Photo by Ramon Rovirosa

The University of California Santa Barbara Coastal Fund held its 13th Annual Gala on Thursday, May 24 at the Santa Barbara Maritime Museum to celebrate the efforts of the involved students and cooperating organizations in preserving the beautiful Santa Barbara coastline.

Founded in 1999 as the “Shoreline Initiative,” the Coastal Fund allocates funds to and assists with various environmentally-conscious programs in the Santa Barbara and Goleta area. Some of the organizations that the Fund has partnered with in the past include the Environmental Defense Center, Goleta Valley Land Trust, The Arroyo Hondo Preserve and the Goleta Slough Management Center.

In addition, the Fund maintains an active presence on the UCSB campus, leading programs such as Plastic Awareness Week, the Day Without a Bag promotion at the UCen and the wider implementation of environmentally friendly “Hydration Stations” throughout campus.

In attendance at the event were many individuals who have worked with the Fund since its beginnings and have a great amount of respect for what the students have accomplished, including Ken Knight, executive director of Goleta Valley Beautiful.

“The whole organization is run by students, for students, and actually for the community,” Knight remarked. “We have five students on our board of directors, it’s the least we could do.”

Like Knight, many of the attendees look forward to continuing their work with the Fund and are currently planning even more projects, such as Darlene Chirman of the Santa Barbara Audubon Society.

“It is a really good supplement and a way to involve students in projects that are going on in the community,” said Chirman.

The night of refreshments, socializing and dancing was centered on a series of Keynote speakers that comprised of representatives from cooperating organizations and many of the Coastal Fund student officials. Kristi Birney of the Environmental Defense Center outlined the new Coastal Marine Spatial Planning initiative, designed to keep shipping lines and marine life habitats from overlapping, and Jennifer Thorsch discussed Kids in Nature, an environmental education program for fifth grade students in the Santa Barbara area.

Outreach and Education Coordinators Erica Aguilera, Alyssa Hall and Julianna Trowbridge discussed the progress the Coastal Fund has made recently, and how the organization is going to move forward.

“We have experienced tremendous growth over the past year,” they stated. “Now it’s all about stepping back, looking at the organization and deciding where to go and how to get there. We are focused on getting a cause, and making the campus aware of the cause.”

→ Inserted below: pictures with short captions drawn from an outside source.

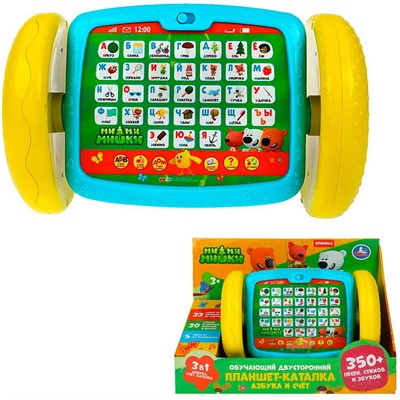 Каталка Планшет Ми-ми-мишки 350 песен,стихов,звуков на бат Умка HT519-R3 - фото 69905137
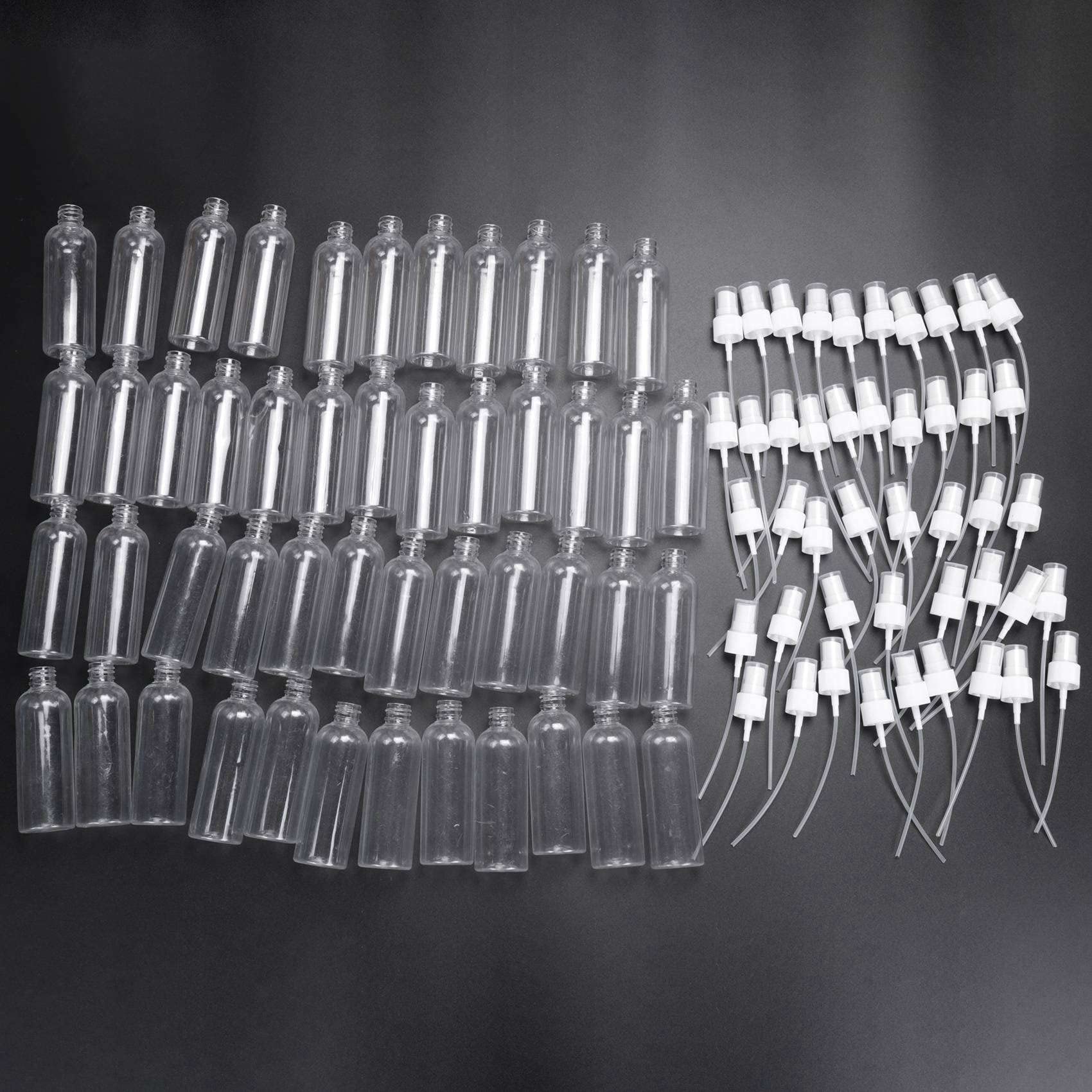 ISTOVO 100PCS 100 Ml Atomizzatore di Profumo in Plastica Trasparente Piccolo Mini Set di Bottiglie da Viaggio Riutilizzabili per Bombole Vuote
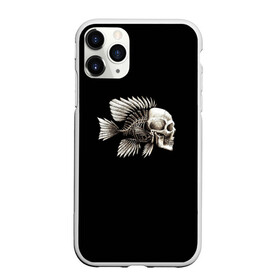 Чехол для iPhone 11 Pro матовый с принтом Рыба Скелет в Белгороде, Силикон |  | анатомия | кости | море | плавники | принт | рисунок | рыбный | рыбы | тату | ужас | хвост | череп | черный | чешуя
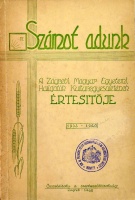 Számot adunk. A Zágrebi Magyar Egyetemi Hallgatók Kultúregyesületének értesítője 1932-1940.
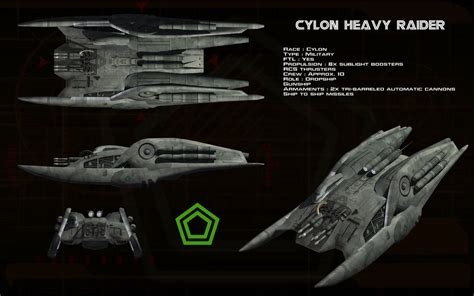 Cylon Heavy Raider ortho by unusualsuspex on DeviantArt Kampfstern ...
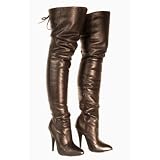 Produkt-Bild: Pleaser 8899 Overknee Stiefel Leder schwarz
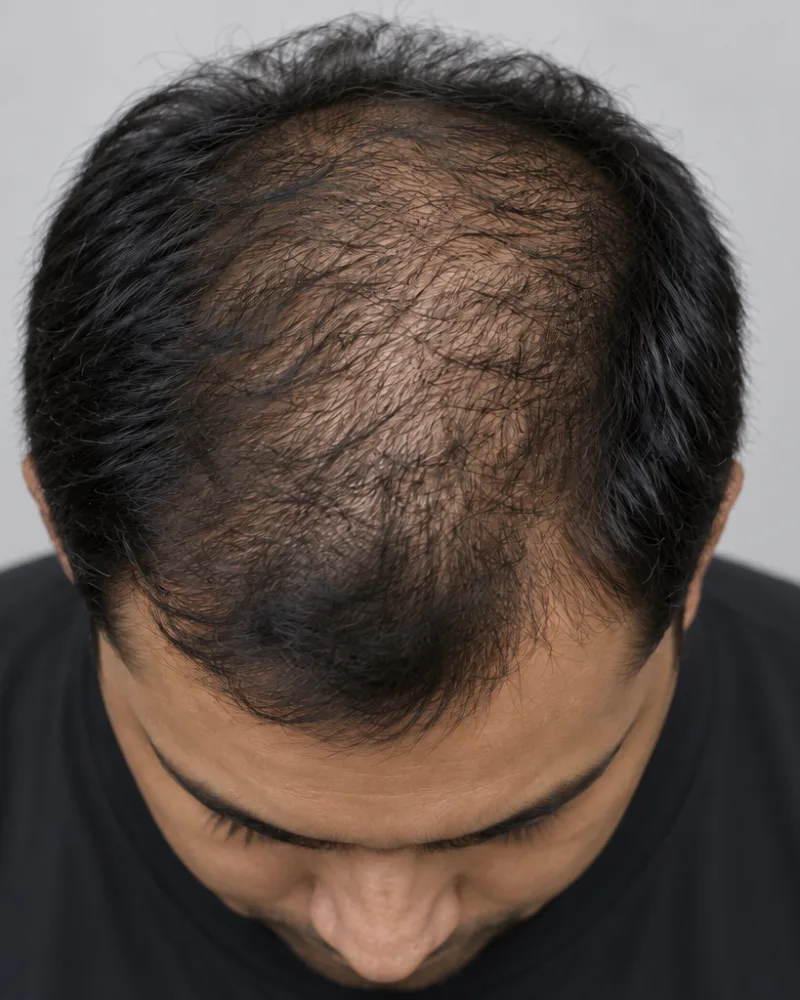 PRP Treatment for Hair, illustrative before example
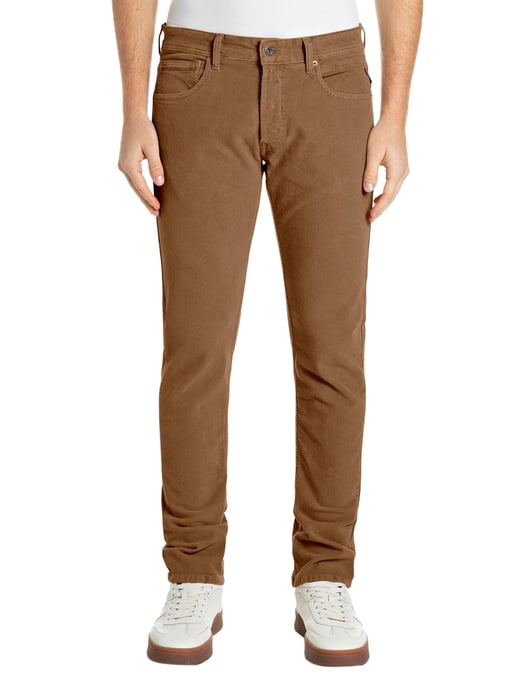 Broeken Replay bruin corduroy normale fit - Image 1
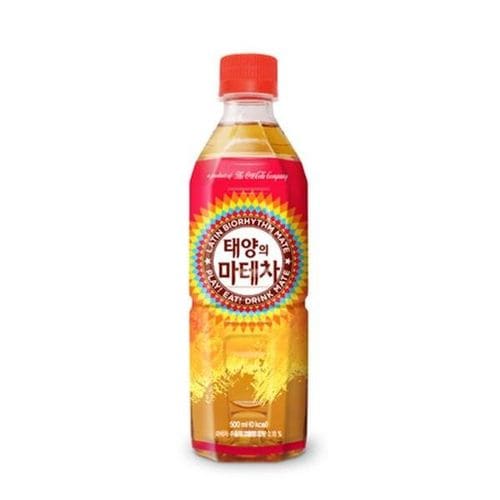 기타탄산 500ml 태양의 마테차 음료 PET X 24입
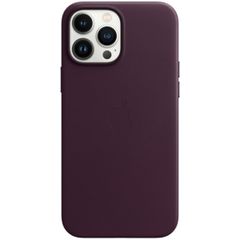 Apple Coque Leather MagSafe iPhone 13 Pro Max - Dark Cherry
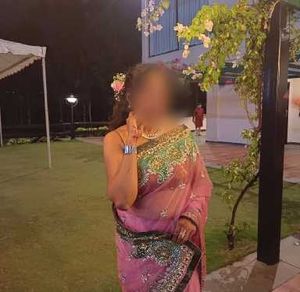 Embellished cifon Saree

The cause this year was the awareness of plastic use, which manifested itself in various beach cleanups and the campus-wide Plastic Awareness Week. The Hydration Station program aims to provide water bottle filling stations throughout campus and the Coastal Service Program, which compensates organizations for assisting in various activities, were also discussed.

The presentations ended with an appearance by Scott Bull, the mastermind who started the Coastal Fund as the Shoreline Initiative. After presenting several of the graduating board members with awards, Bull had a few words to say about the organization that he began over a decade ago.

“The Coastal Fund is really a family,” Bull said. “It’s not about the money. It exists to support great projects in the community.”

Still focused on preserving the gorgeous Santa Barbara coast, the Fund continues to work with environmental organizations and grant thousands of dollars to projects committed to furthering their goals throughout the area.